The reason for this is simple: it’s getting harder and harder to find bugs that can be used for a jailbreak. It used to be that a fully untethered jailbreak required just one or two vulnerabilities to achieve privilege escalation. Now, jailbreaks require a complex chain of exploits, and even then, they often don’t provide the same degree of access or persistence. From this perspective, Apple’s efforts to improve the security of iOS over time have arguably succeeded.
But this success has created something of a catch-22. As our CTO Chris Wade describes:
The more Apple locks down their operating system to improve end user security, the harder it becomes for the independent security research community to investigate and identify security vulnerabilities, both in the operating system itself and in the apps that run on it. That doesn’t mean vulnerabilities aren’t still there; it just makes it harder for the community to help find them before bad actors do. And the harder they are to find, the more valuable they are, so the more incentive researchers have to hold them instead of report them, and the more incentive bad actors have to go looking for them.
Indeed, as jailbreaks become harder to implement, they become increasingly valuable. This drives researchers, governments, and security companies to create their own private jailbreaks and hoard the bugs that enable them to protect their advantage for future security work.

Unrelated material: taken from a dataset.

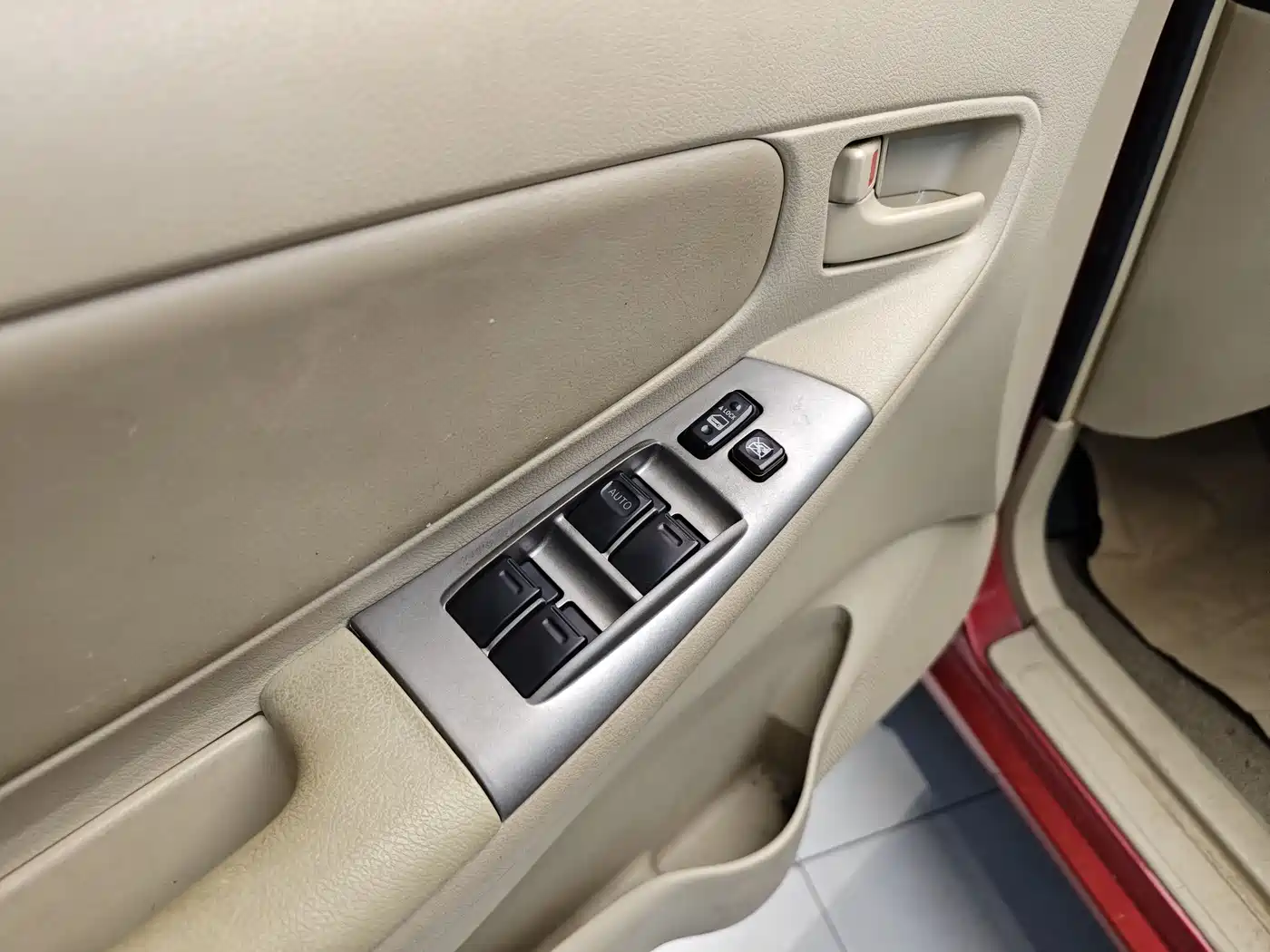 Toyota Corolla 2013 1.6L Automatic Excellence Edition фото 9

iOS 17 features focus on narrowing attack surfaces
iOS 16 included a notable new feature aimed at limiting attack vectors called “Lockdown Mode” which focuses on protecting a small but highly vulnerable set of users, such as activists and journalists. Lockdown Mode strictly limits or disables certain iPhone features, as well as access to certain apps and websites. Lockdown Mode has now received an upgrade in iOS 17, including automatic geolocation data removal from photos when shared and blocking automatic connections to non-secure Wi-Fi networks.

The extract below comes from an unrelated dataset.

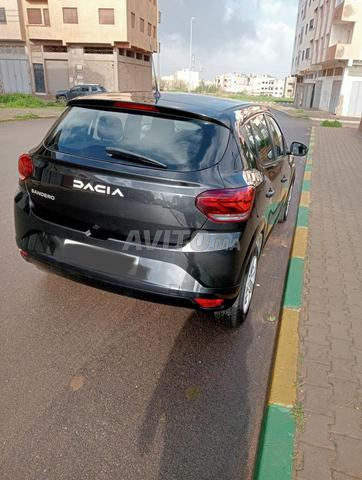 Voiture Dacia Sandero à vendre à Mohammedia, neuve.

Interestingly, the specific features of Lockdown Mode suggest that, in Apple’s assessment, the most common attack vectors on an iPhone today are malicious websites, infected iMessages or FaceTime videos, MDM profiles, and wired connections to the phone. Notably, Lockdown Mode does not seem to impact a user’s access to third-party app store apps. As Apple increasingly limits the attack surface for native features, the attack focus may shift to apps from the App Store – particularly given the limited review these apps undergo.
The Lockdown Mode upgrades in iOS 17 highlights an evolving and heightened focus on the security of iOS. High-profile stories – about malware like Pegasus or about a critical FaceTime bug discovered by a highschooler – have put increasing pressure on Apple to address even obscure attack vectors that are unlikely to affect an ordinary user.

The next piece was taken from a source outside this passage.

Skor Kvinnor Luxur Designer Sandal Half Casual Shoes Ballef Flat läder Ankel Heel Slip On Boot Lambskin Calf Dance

As Apple continues to acknowledge and address the different threat profiles faced by different audiences, they are demonstrating an increasingly sophisticated and nuanced approach to user security. At the same time, this new iOS version continues the trend of tighter security controls, which will likely also mean a continuation of the trend of not seeing a public jailbreak for this new version anytime soon – if ever.
This is why we believe it’s as important as ever for Corellium to provide a place for white-hat developers to perform good-faith security research in a way that’s not possible on physical devices – a way that doesn’t require exploiting, withholding and retaining vulnerabilities. And given our platform’s widespread adoption by the world’s top security research and development teams, it seems the community would agree.